WHAT YOU WILL DO:
Only the lines of the listing below that run from the line with "Sweat à capuche oversize à motif étoile" through the line with "Шрус внешн. к-кт" are to be set down, word for word. Pictures stay out.

SUPPLIED MATERIAL:
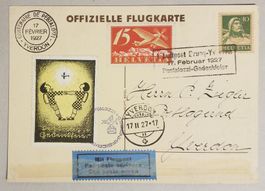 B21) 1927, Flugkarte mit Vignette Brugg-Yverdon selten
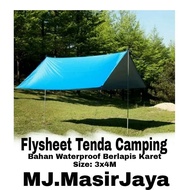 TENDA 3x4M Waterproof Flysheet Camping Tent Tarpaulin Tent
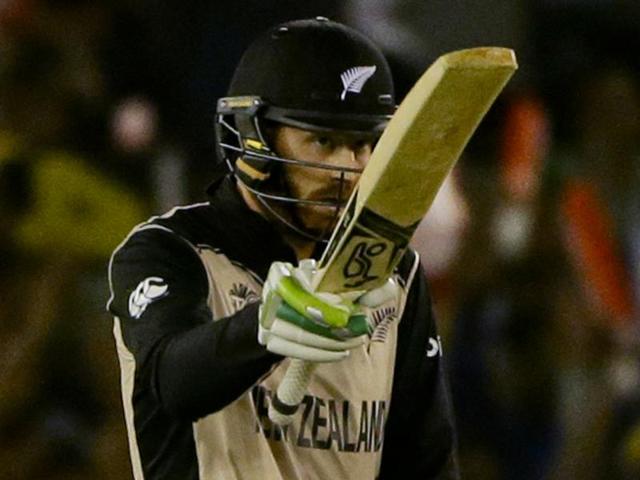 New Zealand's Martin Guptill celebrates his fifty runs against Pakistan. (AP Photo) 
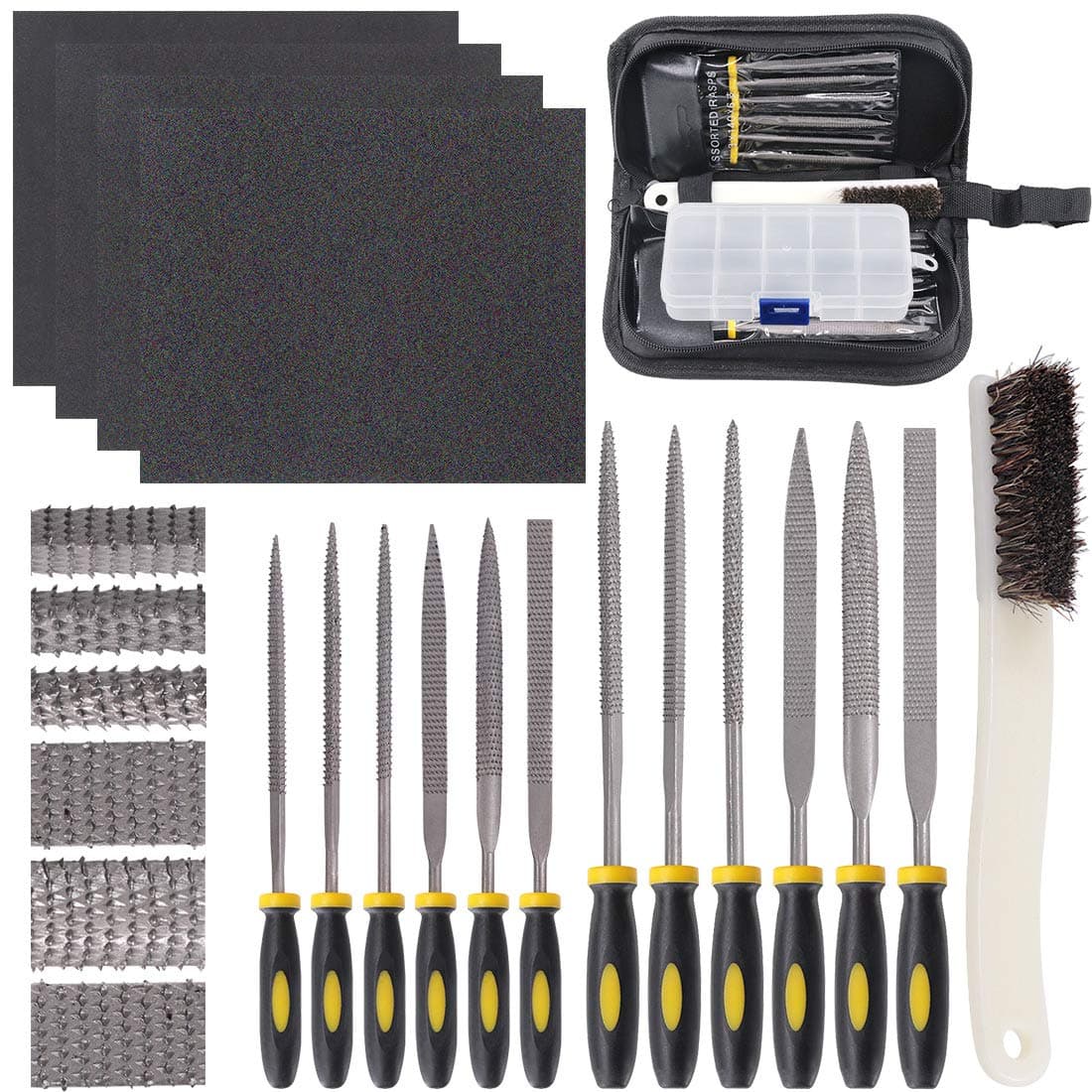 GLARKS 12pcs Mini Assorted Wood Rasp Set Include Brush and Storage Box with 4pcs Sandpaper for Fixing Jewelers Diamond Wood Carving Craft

---

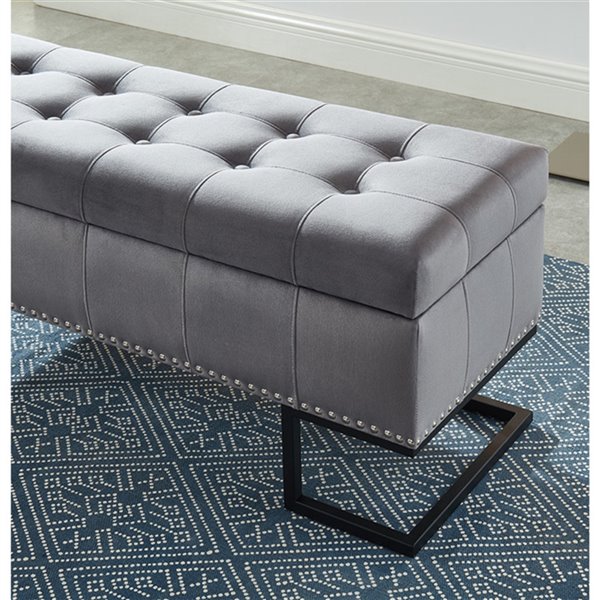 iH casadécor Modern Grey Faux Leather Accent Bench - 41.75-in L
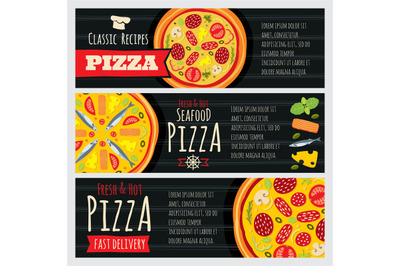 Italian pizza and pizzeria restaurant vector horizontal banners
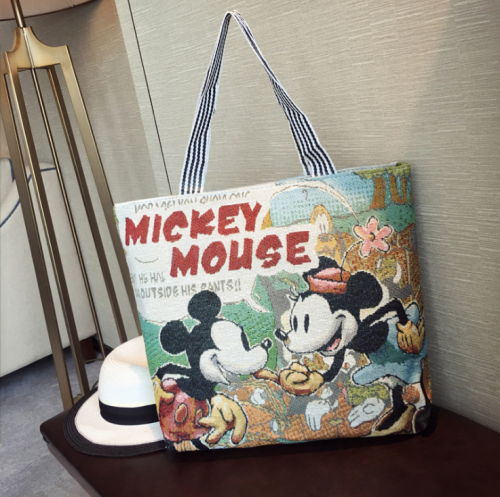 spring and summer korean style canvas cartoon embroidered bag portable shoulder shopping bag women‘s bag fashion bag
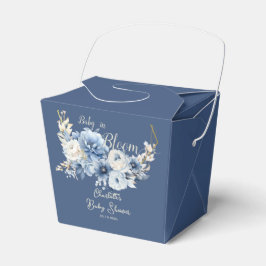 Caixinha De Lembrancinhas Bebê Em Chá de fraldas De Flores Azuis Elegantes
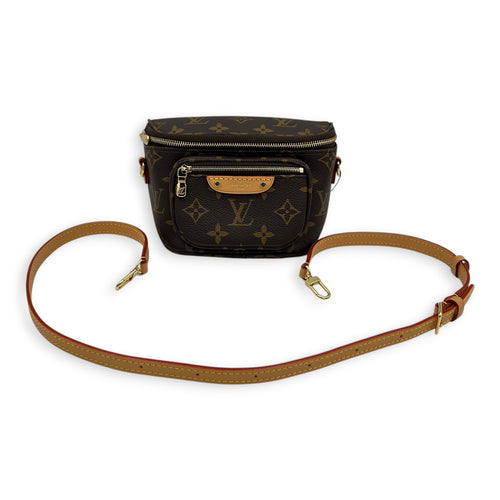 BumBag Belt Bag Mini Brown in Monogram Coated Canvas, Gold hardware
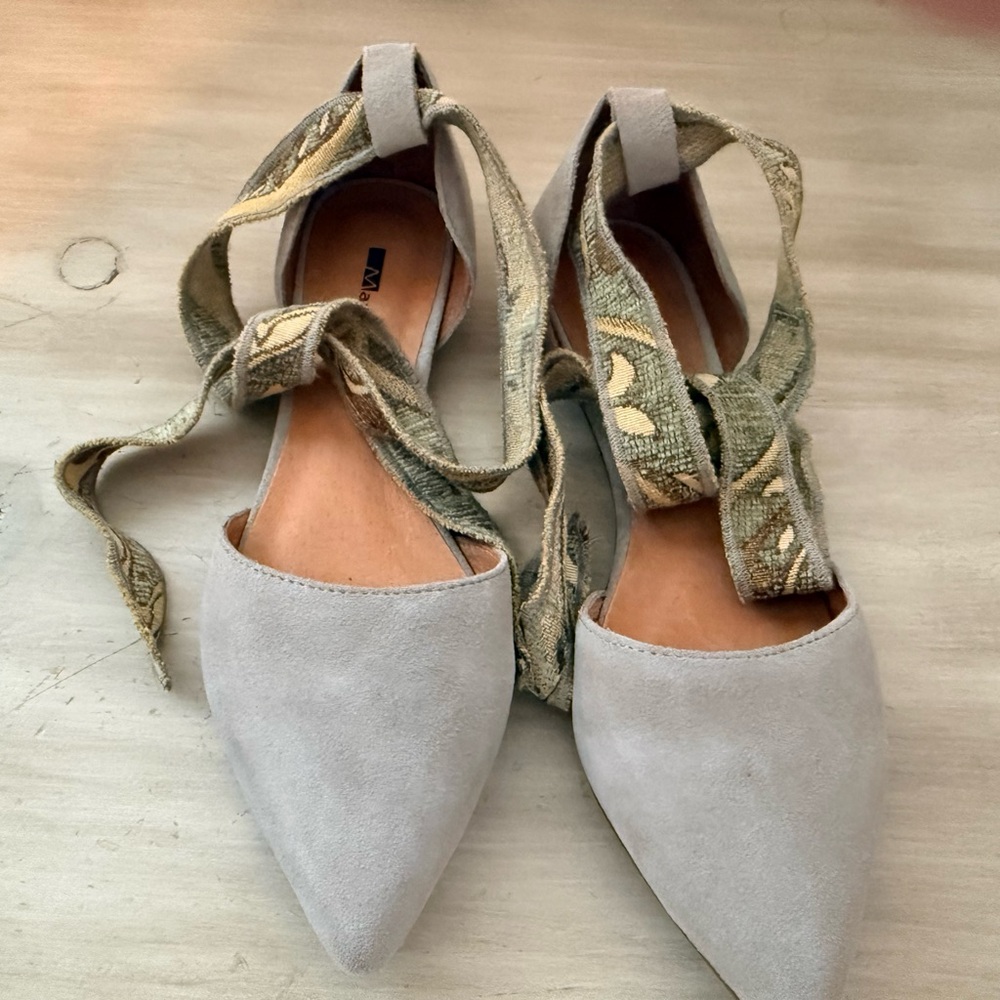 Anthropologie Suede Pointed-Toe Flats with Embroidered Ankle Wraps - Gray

--

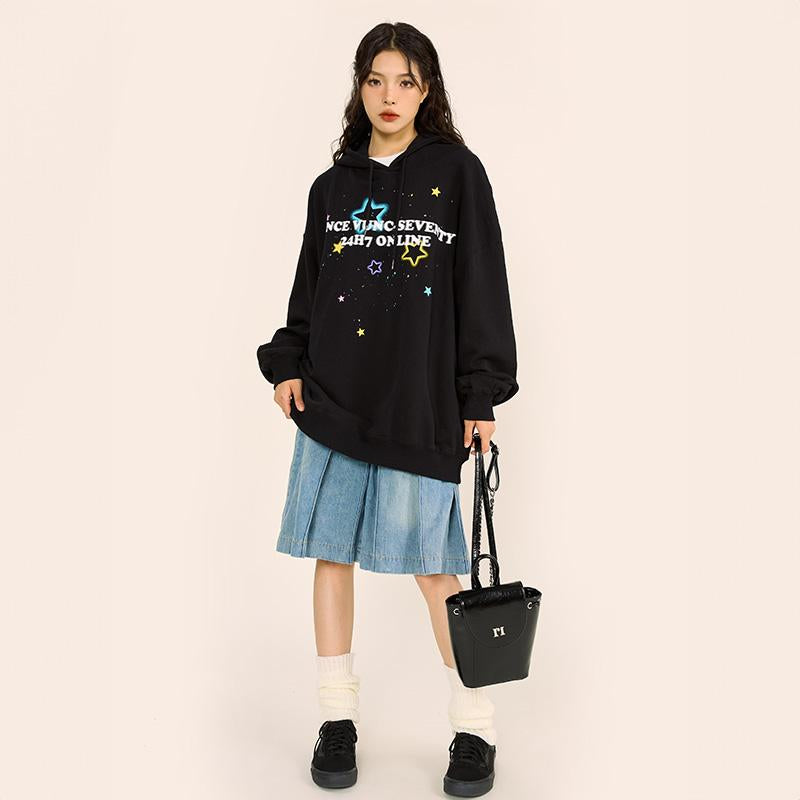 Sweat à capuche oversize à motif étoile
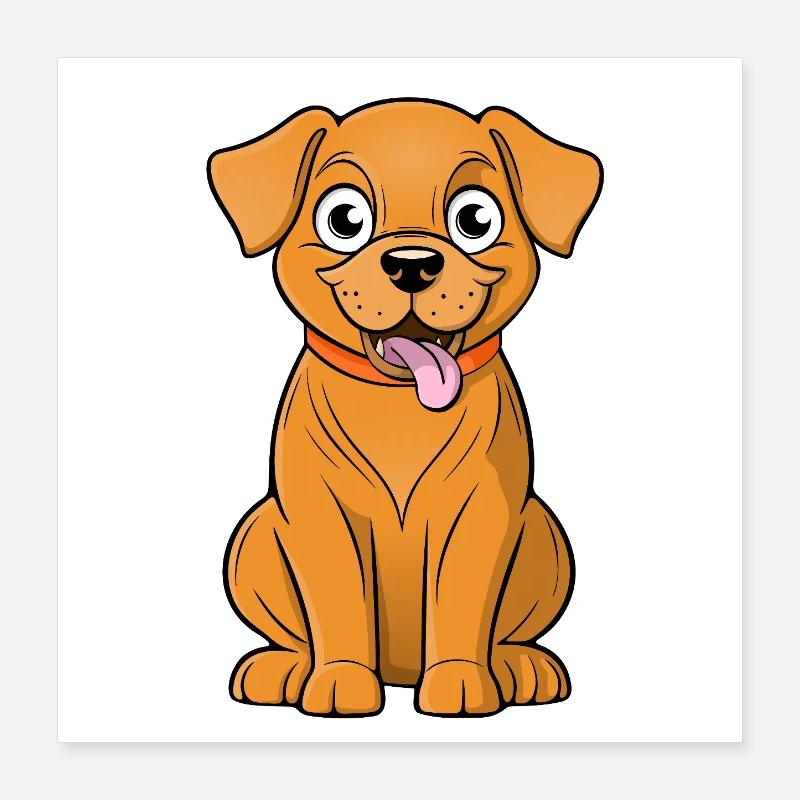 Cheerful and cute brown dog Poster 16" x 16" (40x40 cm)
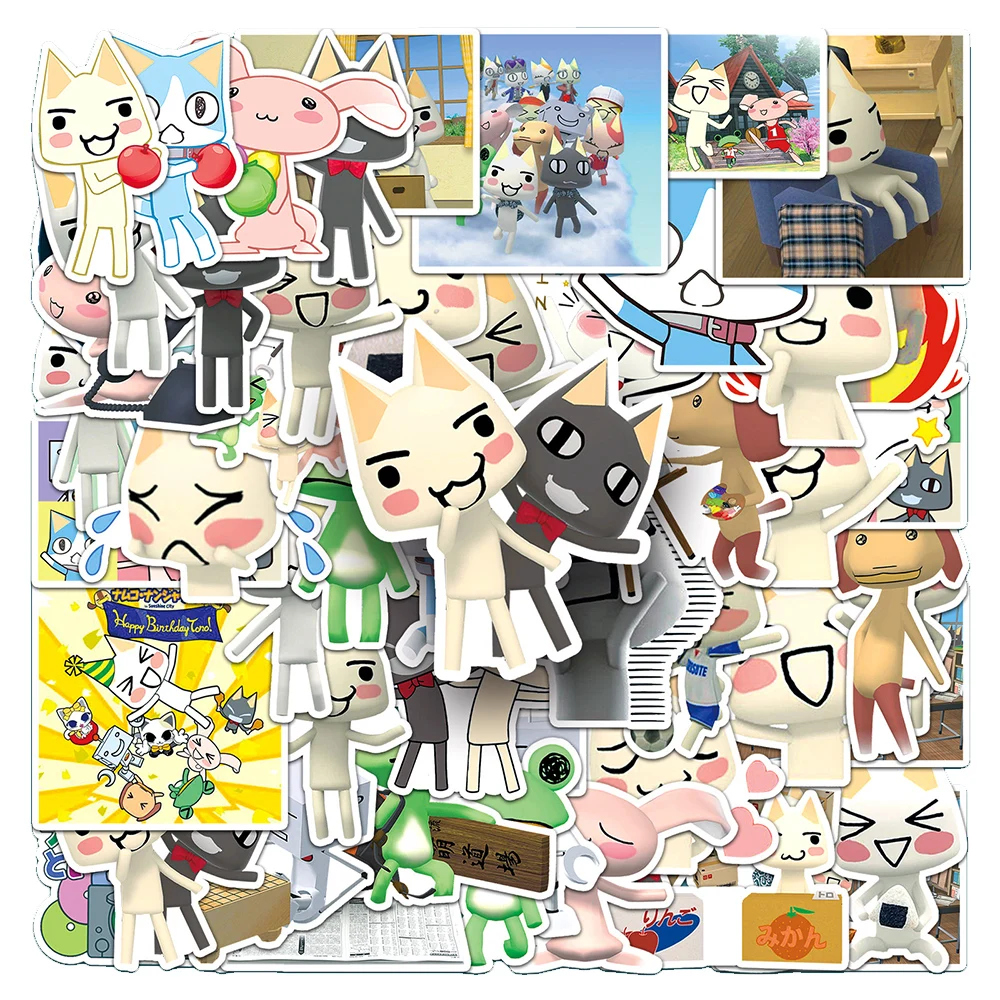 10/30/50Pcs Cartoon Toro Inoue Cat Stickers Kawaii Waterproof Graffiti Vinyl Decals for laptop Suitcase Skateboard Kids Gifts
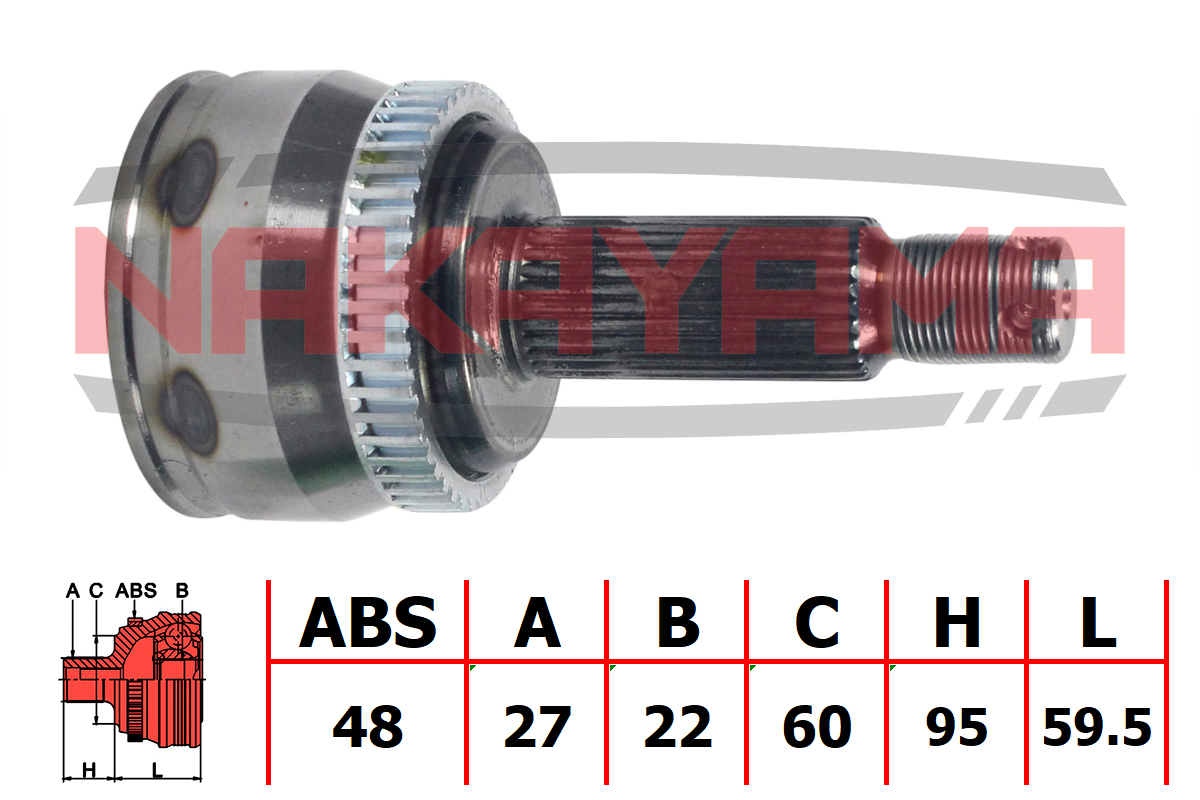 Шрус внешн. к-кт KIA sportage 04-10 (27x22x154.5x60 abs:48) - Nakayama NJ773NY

EXPECTED OUTPUT:
 Sweat à capuche oversize à motif étoile
 Cheerful and cute brown dog Poster 16" x 16" (40x40 cm)
 10/30/50Pcs Cartoon Toro Inoue Cat Stickers Kawaii Waterproof Graffiti Vinyl Decals for laptop Suitcase Skateboard Kids Gifts
 Шрус внешн. к-кт KIA sportage 04-10 (27x22x154.5x60 abs:48) - Nakayama NJ773NY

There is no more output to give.